Germany’s, Coalition

Germany’s Coalition Bargain: Tax Relief for Millions Tied to Overhaul of Minijobs and Dismissal Rules

Veröffentlicht: 30.06.2026 um 15:04 Uhr, Redaktion boerse-global.de

Coalition parties debate 28-billion-euro tax cut plan, dismissal protection for top earners, flexible hours, and mandatory pension contributions for Minijobbers.
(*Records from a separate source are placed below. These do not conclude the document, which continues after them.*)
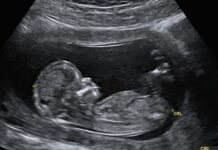 УЗИ в первом триместре беременности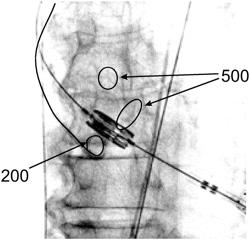 Automatic movement detection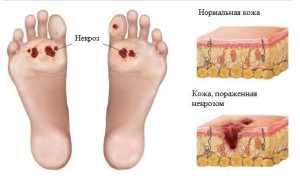 Гангрена — причины возникновения, виды и методы лечения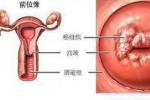 宮頸癌前病變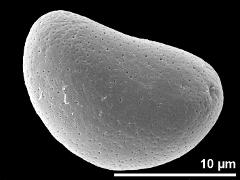 oblique proximal polar view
German Coalition Talks: Tax Reform, Minijob Changes, and Labour Market Overhaul
Germany’s Coalition Bargain: Tax Relief for Millions Tied to Overhaul of Minijobs and Dismissal Rules Illustration mit AI erstellt übermittelt durch boerse-global.de

As the governing parties gather in Berlin for a two-day coalition committee starting Tuesday, a sprawling set of labour-market proposals is on the table. The package touches on flexible working hours, changes to dismissal protection, and the future of Germany’s 6.8 million marginal employees — the so-called Minijobbers. What makes this round different from previous talks is the financial glue holding it together: a planned tax reform that Finance Minister Lars Klingbeil wants to take effect on 1 January 2027.

Klingbeil has presented two competing models. The first would cut taxes by 28 billion euros, financed by higher inheritance tax and new levies on incomes above 100,000 euros. The second delivers a 17-billion-euro relief without any offsetting revenue. Neither model has been approved, and coalition insiders say the final figure will depend on what the SPD can extract from the CDU in return for labour-market concessions.

The CDU’s business wing is pushing hardest on one demand: allowing top earners to swap dismissal protection for a contractual severance payment. The proposal targets employees whose monthly gross salary exceeds the contribution assessment ceiling — set at 8,450 euros for 2026. Many observers see the move as negotiating leverage rather than a serious reform goal. The federal government shows little appetite for broadly rolling back job security. The SPD, according to party sources, will only discuss minimal adjustments for executive-level staff. In exchange, it may secure concessions on higher taxes for high-income households.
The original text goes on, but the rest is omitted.